Student Mike Pehlevanian and Professor Guzelian Also Participate

 

Professor Bill Slomanson had a busy end of summer, traveling to several countries in the South Caucasus to deliver lectures in Georgia and Armenia. Thanks to Professor Chris Guzelian, Professors Slomanson and Guzelian and 3L Mike Pehlevanian met with national dignitaries in the Armenian-held Nagorno Karabakh enclave inside Azerbaijan.

 

The first of Professor Slomanson’s two presentations on the topic of “Remedial Secession in the South Caucasus” was delivered on August 2 at the Free Tbilisi University, located in Tbilisi which is Georgia’s capital.   The YouTube version of that speech is available at:  www.youtube.com/watch?v=NH2N4NGtbGQ&feature=share&list=UUGslH8OoAgATLQmfCET-Icw. On August 6, Professor Slomanson then spoke at the American University Armenia in Yerevan, the capital of Armenia.

 

The subjects of his talks were the three South Caucasus unilateral secessions, announced by the Georgian provinces of South Ossetia and Abkhazia, and Nagorno Karabakh (NK). The former were central features of the 2008 Georgia-Russia war. The latter secession is at the heart of a frozen but simmering conflict between Armenia and Azerbaijan. NK lies wholly within Azerbaijan. According to Professor Slomanson, this powder keg has the potential to destabilize the region, especially if the Azeri sniping and Israeli drones at the front lines of this currently low-intensity conflict causes it to boil over into a more heated clash.

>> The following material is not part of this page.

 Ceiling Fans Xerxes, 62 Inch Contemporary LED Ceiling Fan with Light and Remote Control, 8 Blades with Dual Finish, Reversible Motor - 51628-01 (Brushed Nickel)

An informative website that provides an intriguing snapshot of the conflict as it presently stands is available at http://hetq.am/eng/multimedia/slideshows/59 .    

 

“The highlight of this trip was what would have been an otherwise lengthy journey—from Yerevan to the former Soviet oblast Nagorno Karabakh—with Professor Chris Guzelian and 3L Michael Pehlevanian,” said Professor Slomanson. “Sharing this time with two very knowledgeable Armenians yielded unparalleled insights into the richness of Armenia’s history, culture, beauty and the ugliness of this looming conflict.”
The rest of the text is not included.